---
title: Making FlashAttention-4 Faster for Inference
canonical: "https://agenticup.dev/posts/flashattention-4-inference-optimization/"
pubDate: "2026-06-12T00:00:00.000Z"
description: "Modal's engineering team made three targeted changes to FlashAttention-4 that improved inference throughput by up to 4.37x. split KV parallelism, FP8 input support, and arbitrary KV page sizes."
tags: [flashattention-4, inference, optimization, gpu, attention, llm-inference, transformer, cuda]
---

**TL;DR:** I read Modal's FlashAttention-4 post three times. Each read revealed another optimization I had been leaving on the table. Split KV parallelism. FP8 input support. Arbitrary page sizes. None requires a PhD.

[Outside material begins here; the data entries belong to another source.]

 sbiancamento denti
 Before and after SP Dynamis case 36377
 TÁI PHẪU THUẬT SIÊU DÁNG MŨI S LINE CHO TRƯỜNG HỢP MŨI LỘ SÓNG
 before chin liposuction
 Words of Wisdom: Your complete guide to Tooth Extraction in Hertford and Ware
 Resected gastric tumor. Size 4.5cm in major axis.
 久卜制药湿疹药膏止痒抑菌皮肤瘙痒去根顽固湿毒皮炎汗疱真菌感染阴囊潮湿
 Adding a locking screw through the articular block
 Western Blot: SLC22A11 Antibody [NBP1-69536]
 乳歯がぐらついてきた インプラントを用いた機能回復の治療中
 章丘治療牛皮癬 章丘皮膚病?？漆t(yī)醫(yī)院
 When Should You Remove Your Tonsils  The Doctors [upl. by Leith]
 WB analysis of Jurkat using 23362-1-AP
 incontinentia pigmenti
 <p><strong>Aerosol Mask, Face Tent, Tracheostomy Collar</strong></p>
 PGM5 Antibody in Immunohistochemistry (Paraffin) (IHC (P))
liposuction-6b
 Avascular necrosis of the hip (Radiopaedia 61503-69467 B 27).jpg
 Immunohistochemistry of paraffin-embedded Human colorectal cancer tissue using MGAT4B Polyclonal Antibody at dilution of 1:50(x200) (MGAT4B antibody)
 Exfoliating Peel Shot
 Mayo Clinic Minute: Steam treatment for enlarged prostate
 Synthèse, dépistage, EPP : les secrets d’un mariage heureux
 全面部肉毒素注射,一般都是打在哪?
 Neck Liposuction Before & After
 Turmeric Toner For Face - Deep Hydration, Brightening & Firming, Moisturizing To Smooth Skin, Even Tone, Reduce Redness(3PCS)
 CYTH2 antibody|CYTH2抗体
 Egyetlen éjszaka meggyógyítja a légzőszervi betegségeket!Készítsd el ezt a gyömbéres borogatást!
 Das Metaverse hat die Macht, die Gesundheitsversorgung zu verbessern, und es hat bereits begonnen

Modal made three changes to FlashAttention-4 that improved inference throughput by up to 4.37x. Not new kernels. Just smarter configuration of what already existed.

> **Key takeaways:**
> - Split KV parallelism (PR 1940) improves throughput by up to 4.37x for small query lengths: the single biggest gain for decode-heavy inference
> - FP8 input support (PR 2109) gives up to 1.16x over BF16 with no accuracy loss, while enabling smaller KV caches for longer contexts
> - Arbitrary KV page sizes (PR 2104) improves small page throughput by up to 2.40x: critical for speculative decoding where large pages cause fragmentation
> - All changes are kernel-level, open-source, and require zero model changes
> - The key insight: inference parallelism should target the KV dimension, not the query dimension

FlashAttention-4 brought SM100 tile-based kernels to Blackwell GPUs. It was designed for training: processing full sequences, saturating all available compute, pushing attention throughput to petaflop territory.

Inference is different.

During autoregressive decoding, the query is short, often a single token. The key-value cache is long, tens of thousands of tokens. The attention kernel needs to match a tiny query against a massive KV cache. Most GPU streaming multiprocessors sit idle. In the worst case, up to 75% of them do nothing while a few handle the work.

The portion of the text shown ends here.